The Network supplements the existing alert and warning resources, and the capability serves as an additional delivery mechanism for sending life-saving information nationally, regionally or locally. In addition, Homeland Security's Federal Emergency Management Agency (FEMA) will continue to manage the Emergency Alert System (EAS).
"This agreement is an example of interagency cooperation which takes advantage of existing capabilities that can now be applied to protect the homeland from both man-made and natural disasters," said Lt. Gen.
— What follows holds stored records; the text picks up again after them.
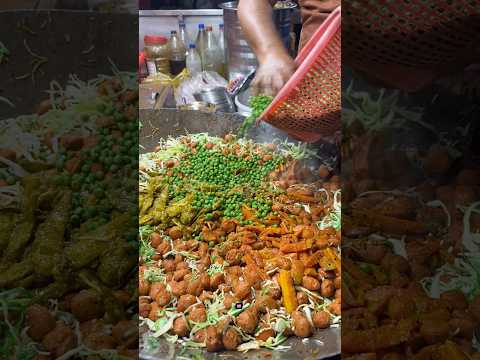 Is this really Chowmein?🤔 | Meerut Local Street Ki Desi Tadka Chawmin #foodshorts #foodvlogs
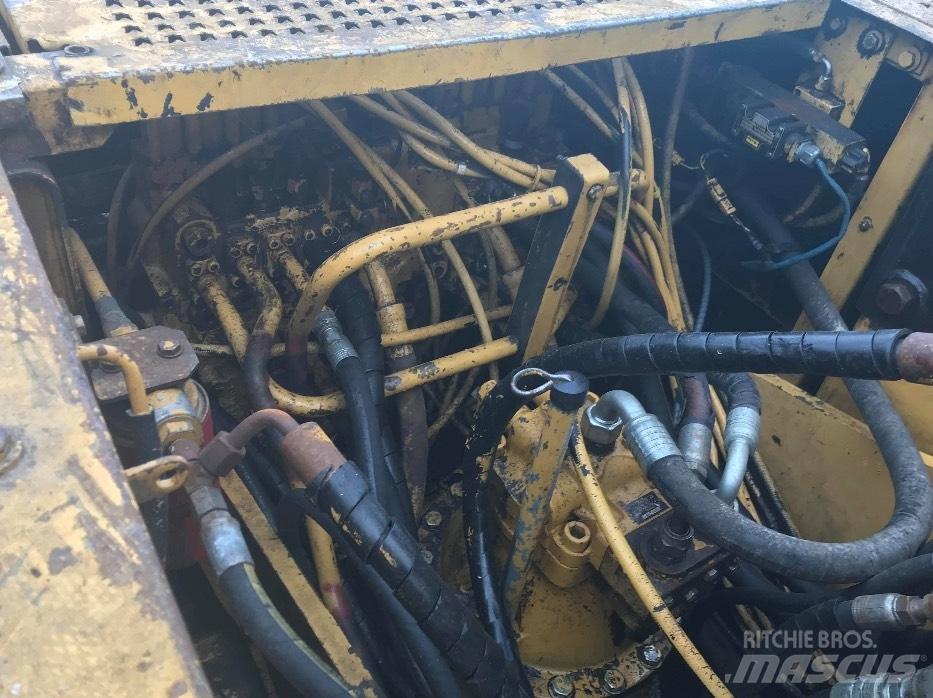 CAT 320 B Bandgrävare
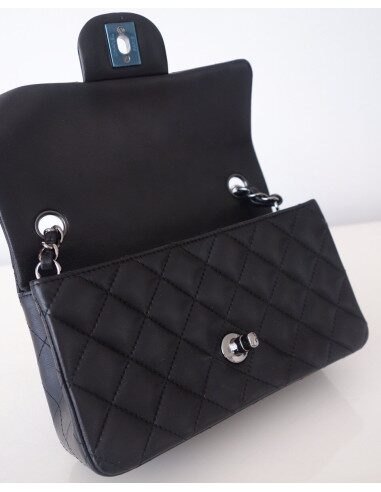 Sac Chanel Classique noir Pm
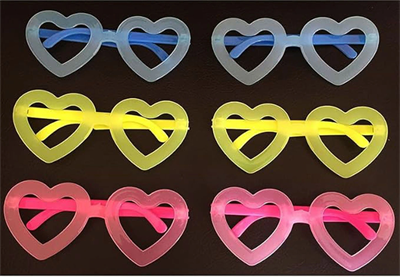 Retro Neon Fosforlu Kalp Gözlük 12 Adet – 80’ler 90’lar Parti Stili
Frank Libutti USMC (Ret.), Under Secretary for Information Analysis and Infrastructure Protection, Department of Homeland Security. "We feel strongly that the ability to put redundant systems and capabilities in place increases the likelihood that emergency information is delivered to targeted populations with minimal delay."
"Critical information will now be available when people most need it," said Vice Admiral Conrad C. Lautenbacher USN (Ret.), Under Secretary of Commerce for Oceans and Atmosphere and NOAA Administrator. "What began as NOAA Weather Radio broadcasts now extends to a range of products and all-hazards purposes. It's gratifying to know that many more lives can now be better protected."
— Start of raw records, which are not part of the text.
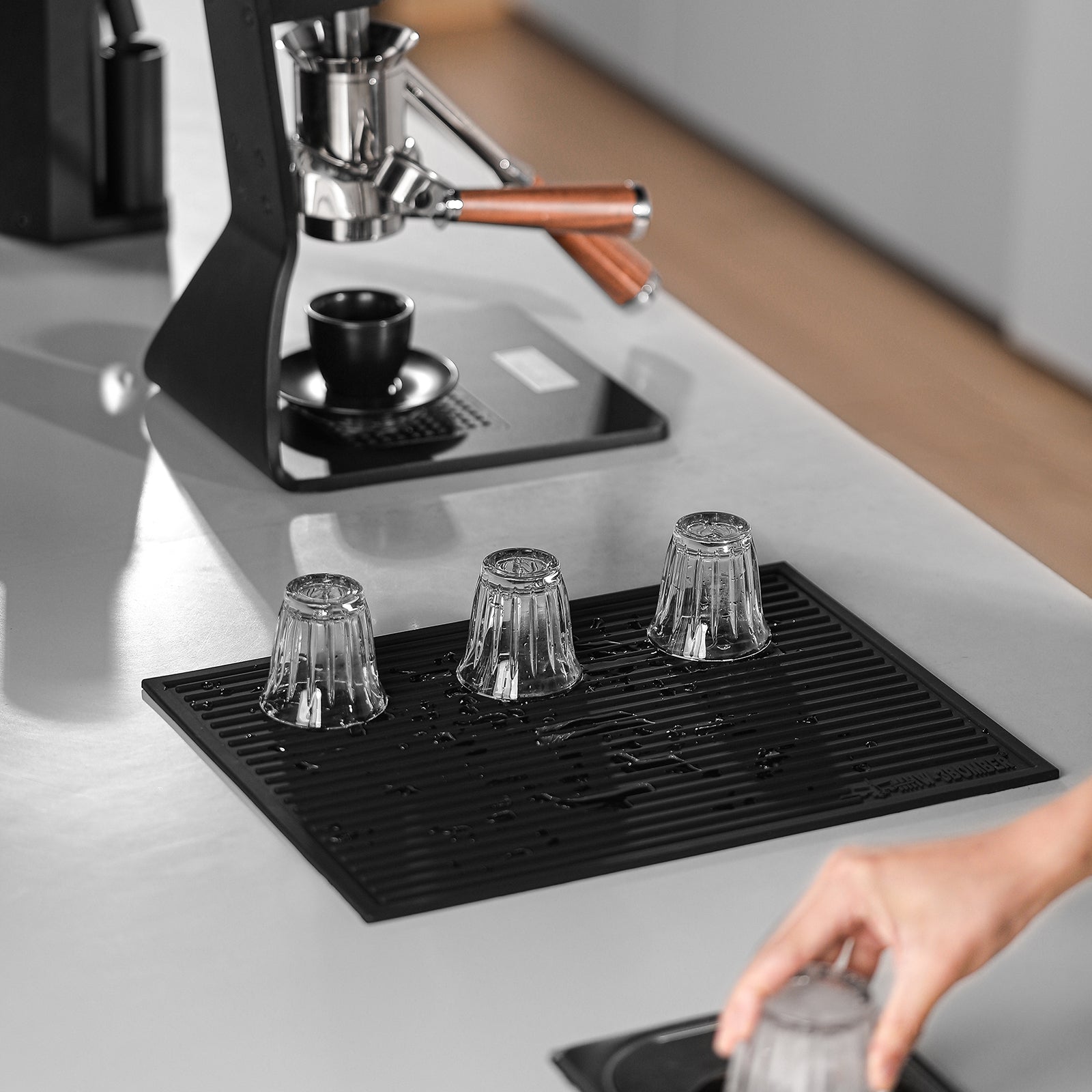 3 Bomber – Silicone Draining Mat-kuwait-barista-tools-armista-الكويت-ارميستا-باريستا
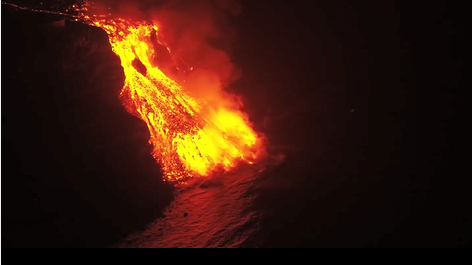 Díez días desde la erupción hasta la llegada de la lava al mar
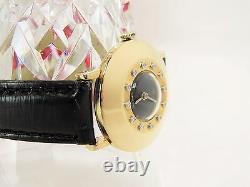 Vintage Le Coultre Montre Femme 14 K or jaune avec diamants avec bande en cuir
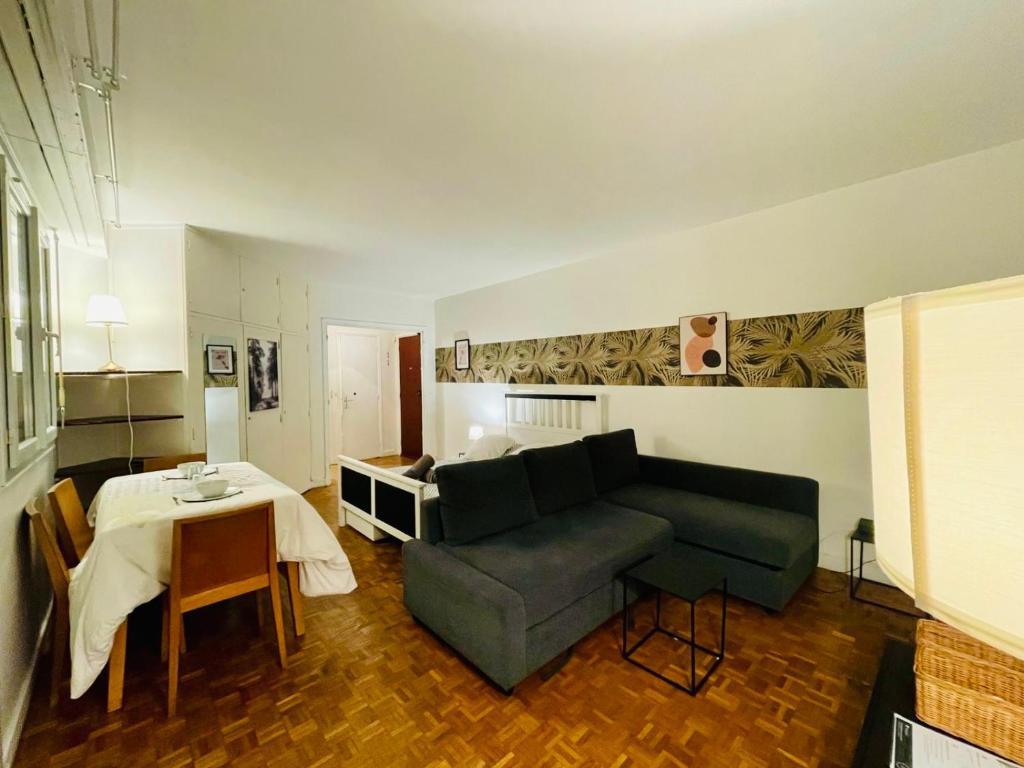 un salon avec un canapé et une table dans l'établissement Studio Palais des Congrès Maillot Paris, à Paris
Under this agreement, Homeland Security now has the authority to develop an alert and warning message that can be delivered directly to NOAA and broadcast to affected areas. The system is capable of reaching more than 97 percent of the United States territory on a 24/7 basis through broadcasts in the 50 states, Puerto Rico, the Virgin Islands, Guam, and Saipan. Radios and televisions currently equipped with SAME (Specific Area Message Encoding) allow listeners to pre-select the categories of alerts they wish to receive in chosen listening areas. Broadcast receivers are located in emergency operations centers and many public sites and workplaces. Public schools in some states are similarly equipped.
In addition, the agreement provides that the same message, distributed through NOAA, will be distributed locally or nationally over FEMA's Emergency Alert System (EAS) at the local level which Americans regularly view as a crawl on the bottom of their television screens and is broadcast over local radio stations.
"This agreement furthers a long-standing relationship with NOAA and enhances the federal government's ability to provide American communities the information needed in times of emergency," said Michael D. Brown, Under Secretary for Emergency Preparedness and Response, Department of Homeland Security. "While Homeland Security's Emergency Alert System will continue to be the backbone of our alert and warning notifications, we're pleased to develop additional means of communicating with citizens."
Beyond the new capability to broadcast Homeland Security Alerts and warnings coupled with protective measure information, the NOAA system will continue to broadcast weather forecasts and warnings, including news about severe storms, hurricanes, tornadoes, earthquakes and volcanic activity; chemical spills and bio-hazardous releases; and, in some states, Amber Alerts. Special populations such as the disabled or the elderly can connect NOAA All-Hazards radios via plug-ins to attention getting devices, such as strobe lights, pagers, bed shakers, personal computers, and text printers.
NOAA is dedicated to enhancing economic security and national safety through the prediction and research of weather and climate-related events and providing environmental stewardship of our nation's coastal and marine resources.